— Task to complete —
Starting at the line containing "Modulo Electronico para Toyota Prius (Nhw30)" and ending at the line containing "Villaggio Residence Pietra", transcribe the listing below exactly. Keep both end lines, skip the pictures, and copy nothing else.

— Task input —
################
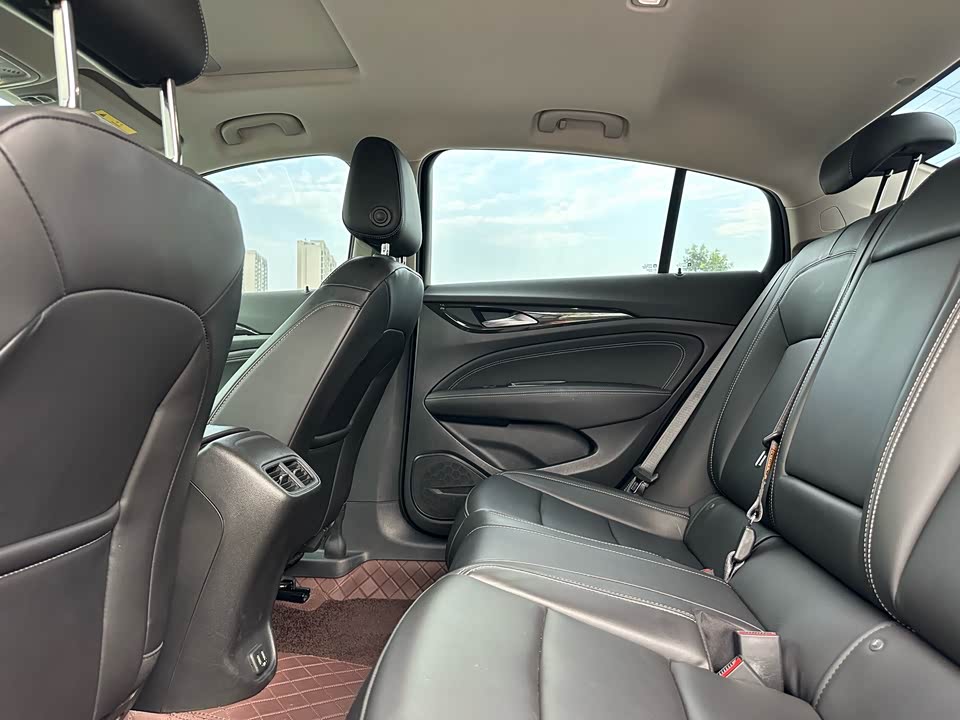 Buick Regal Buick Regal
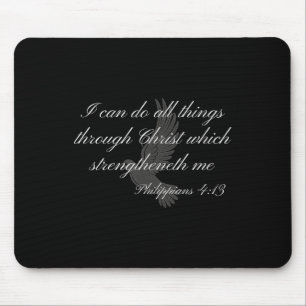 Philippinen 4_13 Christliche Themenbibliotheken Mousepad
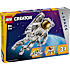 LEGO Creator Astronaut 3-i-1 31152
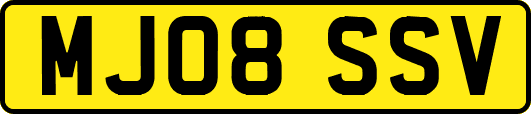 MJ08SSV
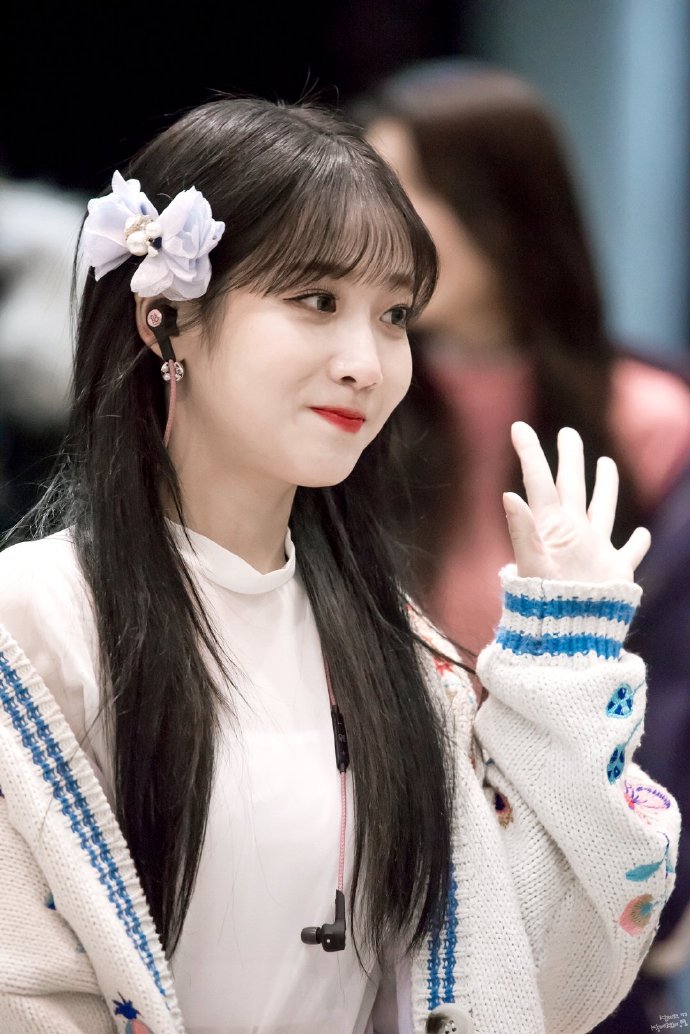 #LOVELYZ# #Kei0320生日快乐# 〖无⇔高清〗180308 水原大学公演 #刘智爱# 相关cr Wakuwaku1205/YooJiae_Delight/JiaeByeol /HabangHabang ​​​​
################
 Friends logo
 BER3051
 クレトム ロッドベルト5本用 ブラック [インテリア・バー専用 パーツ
################
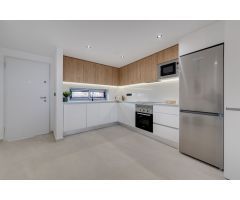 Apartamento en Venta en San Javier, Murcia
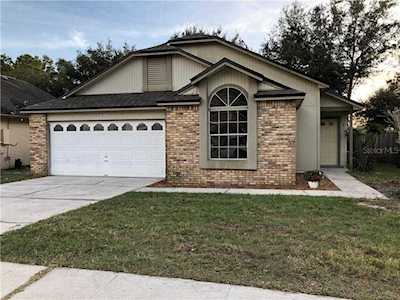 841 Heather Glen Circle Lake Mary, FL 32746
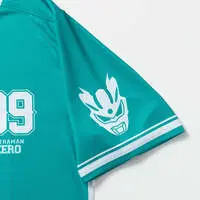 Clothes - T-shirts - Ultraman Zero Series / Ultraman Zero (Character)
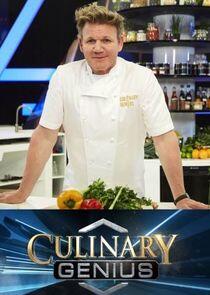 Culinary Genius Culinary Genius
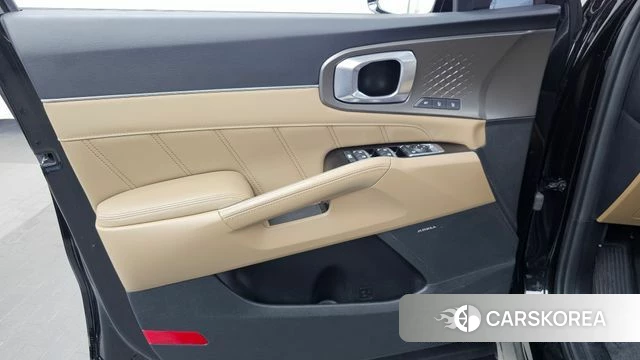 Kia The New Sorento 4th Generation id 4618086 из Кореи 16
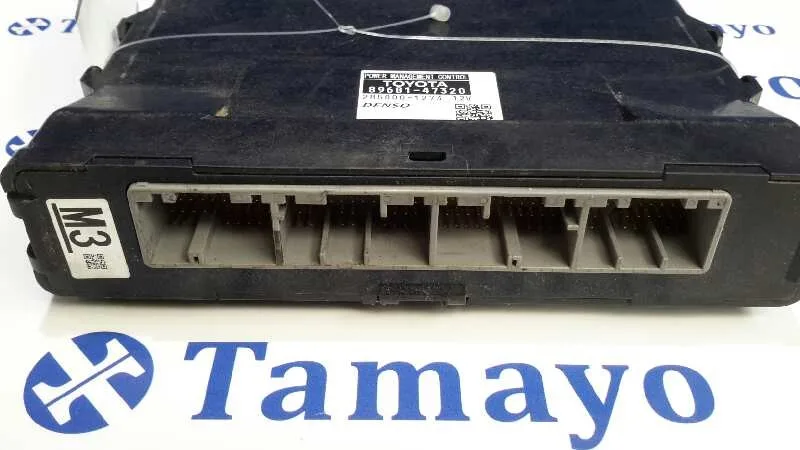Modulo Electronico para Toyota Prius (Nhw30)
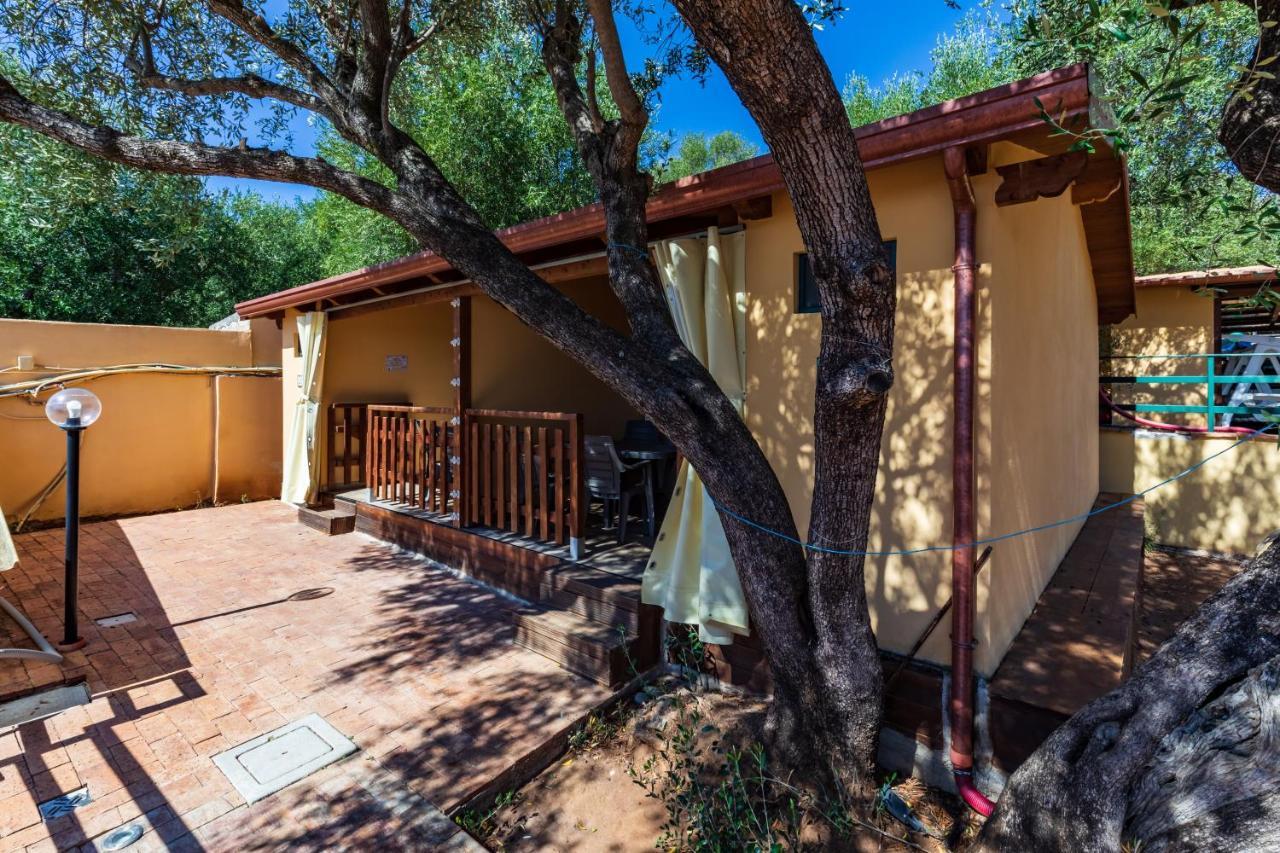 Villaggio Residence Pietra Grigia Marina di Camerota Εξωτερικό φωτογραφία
################
— Task answer —
Modulo Electronico para Toyota Prius (Nhw30)
 Villaggio Residence Pietra Grigia Marina di Camerota Εξωτερικό φωτογραφία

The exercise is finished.